EY teams and IBM’s tax department collaborate on an AI-powered solution built with IBM watsonx and designed to help streamline global data management and automate tax compliance.
The tax organization at IBM comprises a high-performing team of tax professionals that supports operations in 170 countries globally. As a multinational corporation, IBM is responsible for complying with tax laws and regulations across various jurisdictions worldwide.
The tax department faced challenges in managing inaccessible and incomplete data, which led to many hands-on processes to manage compliance within tax laws and regulations. The manual process of aggregating and harmonizing large volumes of granular data from dozens of source systems was time-consuming and required substantial human effort and investment. This process amounted to massive workloads as IBM files thousands of tax returns every month, impacting the organization’s ability to allocate resources to more strategic workstreams. Kanthi Morrissey, Chief Tax Officer at IBM, explains: “The biggest roadblock is inaccessible and incomplete data.”
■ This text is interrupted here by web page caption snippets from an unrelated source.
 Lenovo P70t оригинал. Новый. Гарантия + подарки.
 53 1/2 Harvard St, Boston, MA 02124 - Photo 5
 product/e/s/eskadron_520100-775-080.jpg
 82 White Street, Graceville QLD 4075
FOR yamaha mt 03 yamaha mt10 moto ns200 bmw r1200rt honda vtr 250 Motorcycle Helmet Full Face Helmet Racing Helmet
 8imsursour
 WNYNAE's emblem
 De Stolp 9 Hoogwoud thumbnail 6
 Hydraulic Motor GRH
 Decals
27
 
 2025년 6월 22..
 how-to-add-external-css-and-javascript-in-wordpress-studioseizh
With a strong commitment to innovation, the company’s tax organization aspired to be client zero for IBM technologies—such as the IBM watsonx® portfolio of AI products—and operationalize AI throughout their global tax lifecycle.
The tax organization at IBM collaborated with EY to address the management of inaccessible and incomplete data globally. To overcome this challenge, IBM and EY chose to use the IBM® watsonx.ai® enterprise ready AI studio to create EY.aifor tax, built with IBM watsonx®.
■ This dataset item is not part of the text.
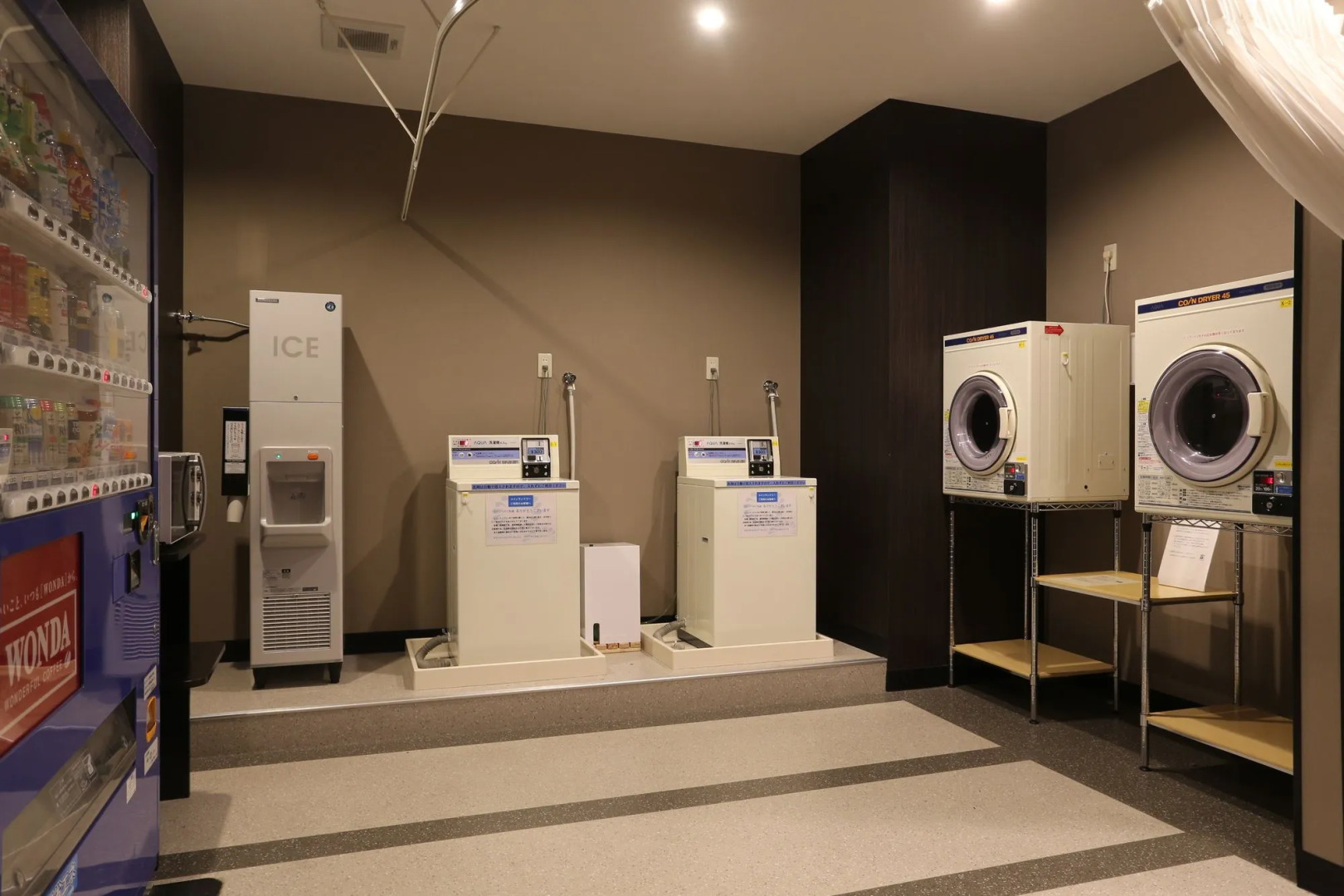 APA Hotel Yamaguchi Hofu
The multimodel library, available to handle a wide array of invoices and volumes in each country, made watsonx.ai appealing for detect-and-correct methods, while IBM watsonx.data®, a hybrid open data lake, helped create a unified data layer from all varied sources. The implementation process involved a multifaceted relationship between IBM, IBM Ecosystem engineering and EY. Morrissey commented, “IBM and EY teams agreed to use the latest technology innovations to improve our business processes. Naturally it made sense for IBM to pilot watsonx®, given the open, enterprise-ready, fit-for-purpose language models we offer with trusted AI.”
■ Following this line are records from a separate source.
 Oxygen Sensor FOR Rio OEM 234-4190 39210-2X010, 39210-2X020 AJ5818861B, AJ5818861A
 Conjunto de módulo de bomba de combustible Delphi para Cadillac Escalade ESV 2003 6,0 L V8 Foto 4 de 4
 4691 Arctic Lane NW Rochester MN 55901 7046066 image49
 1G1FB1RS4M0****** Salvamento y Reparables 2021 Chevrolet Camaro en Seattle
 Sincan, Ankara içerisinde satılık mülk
The EY organization played a key role as thought partner and facilitator, from ideation and prioritization to solution development and delivery. The IBM Ecosystem engineering “Services Solutions Accelerator” team developed the minimum viable product (MVP) for detect-and-correct use cases. IBM’s tax department defined built-in data controls and reconciliation checkpoints for data flows from each source system, designed to enhance efficiency and deliver a higher-quality data consolidation process.
The collaboration between IBM’s tax department, ecosystem engineering and EY teams has been instrumental in shaping and deploying the solutions. IBM is already seeing improvements in efficiencies and time saved throughout the process. The primary benefits are the augmentation of human capabilities to do large-volume tasks, freeing up skilled employees to focus on more strategic planning to grow the organization.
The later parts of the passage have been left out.